Yes, this is personal.
Long story short. well, kind of.......ex husband tried to take me to court for contempt. Some know how strained the relationship is between him and our 14 year old daughter. It is unhealthy. Plain and simple.
He filed this declaration claiming I brainwashed her. I countered with mine, explaining the situation from the get go, back in April, up until the time I filed the response. Including the 'break' he took because he had that mini mental breakdown because our daughter has rejected him so much over the years.
He filed yet another lengthy response.
The Judge made it clear I am not, have not been, in contempt. The Judge made it clear he sees the relationship between them as unhealthy and he also pointed out to Dad that he needs to stop blaming me, stop blaming his daughter and look in the mirror.
He read back parts of dad's declaration, showing dad how he is responsible for the strain and how he is blaming his daughter instead of taking responsibility himself. He used his own words against him to prove a point. Many times.
The Judge made it clear dad is out to punish me, has major anger issues towards me and he needs to continue with his counselor as it is clear he needs help. He also made it clear dad has put the latest fiance in front of his daughter.
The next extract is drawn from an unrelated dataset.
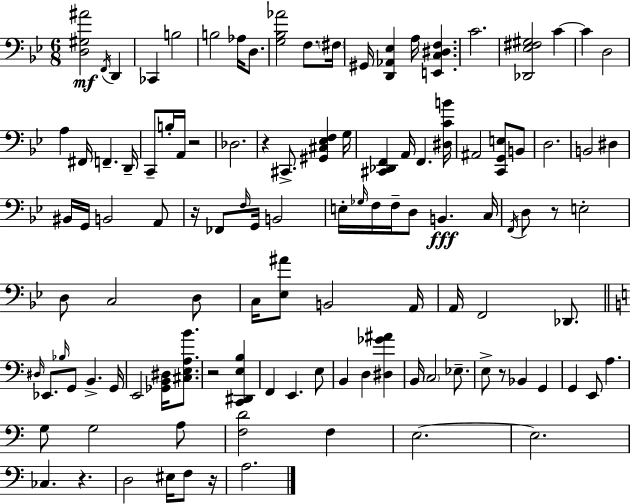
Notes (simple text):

[D3,G#3,A#4]/h F2/s D2/q CES2/q B3/h B3/h Ab3/s D3/e. [G3,Bb3,Ab4]/h F3/e. F#3/s G#2/s [D2,Ab2,Eb3]/q A3/s [E2,C3,D#3,F3]/q. C4/h. [Db2,Eb3,F#3,G#3]/h C4/q C4/q D3/h A3/q F#2/s F2/q. D2/s C2/e B3/s A2/s R/h Db3/h. R/q C#2/e. [G#2,C#3,Eb3,F3]/q G3/s [C#2,Db2,F2]/q A2/s F2/q. [D#3,C4,B4]/s A#2/h [C2,G2,E3]/e B2/e D3/h. B2/h D#3/q BIS2/s G2/s B2/h A2/e R/s FES2/e F3/s G2/s B2/h E3/s Gb3/s F3/s F3/s D3/e B2/q. C3/s F2/s D3/e R/e E3/h D3/e C3/h D3/e C3/s [Eb3,A#4]/e B2/h A2/s A2/s F2/h Db2/e. D#3/s Eb2/e. Bb3/s G2/e B2/q. G2/s E2/h [Gb2,B2,D#3]/s [C#3,E3,A3,B4]/e. R/h [C2,D#2,E3,B3]/q F2/q E2/q. E3/e B2/q D3/q [D#3,Gb4,A#4]/q B2/s C3/h Eb3/e. E3/e R/e Bb2/q G2/q G2/q E2/e A3/q. G3/e G3/h A3/e [F3,D4]/h F3/q E3/h. E3/h. CES3/q. R/q. D3/h EIS3/s F3/e R/s A3/h.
The Judge made it clear that neither of us can physically force our daughter to go any where, at any time, with her father. That until their relationship moves to a healthy place our daughter will be reluctant. He made it clear dad dismisses daughter, her opinion, her feelings, etc.
He said he hoped dad continues to be part of our daughter's therapy. The Judge also said that sometimes a rift so deep never finds it way to a healthy place.
So, from this point on we simply follow the court order but dad should not expect daughter to want to do so. Because I do not actively discourage her visits and have been supportive, even if I don't want to be, and he has brought about all the issues, I will never be in contempt.
Dad yelled at me in court, yelled at the Judge. He was held in contempt.
First, let me say I felt vindicated. That sounds awful but it is how I feel.
So, from here on out................I plan on following the advice/suggestions of her therapist. I've always done that so I will continue to do so. It is clear communication, co-parenting will never happen with my ex husband.
So I am going to stay out of it.
What do you think you would do? How do you think you would proceed? I know that I sometimes over think things because I do not want to cause our daughter more pain, emotional or otherwise.
How does a man get to that point? When she was younger he was a wonderful dad. Truly. She adored the ground he walked on. Ever since we split and divorced, it truly has been hell for our daughter.
She fully expects him to walk away because he was not 'right' and he has no 'control'.
How do we let ourselves get to a place where our children are hurt so deeply?
Any thoughts, bring em' on. I am trying hard not to smile from ear to ear that he was put in his place. To gloat, so to speak. I don't want karma finding me. A part of me is truly sad that after all these years he still doesn't get it.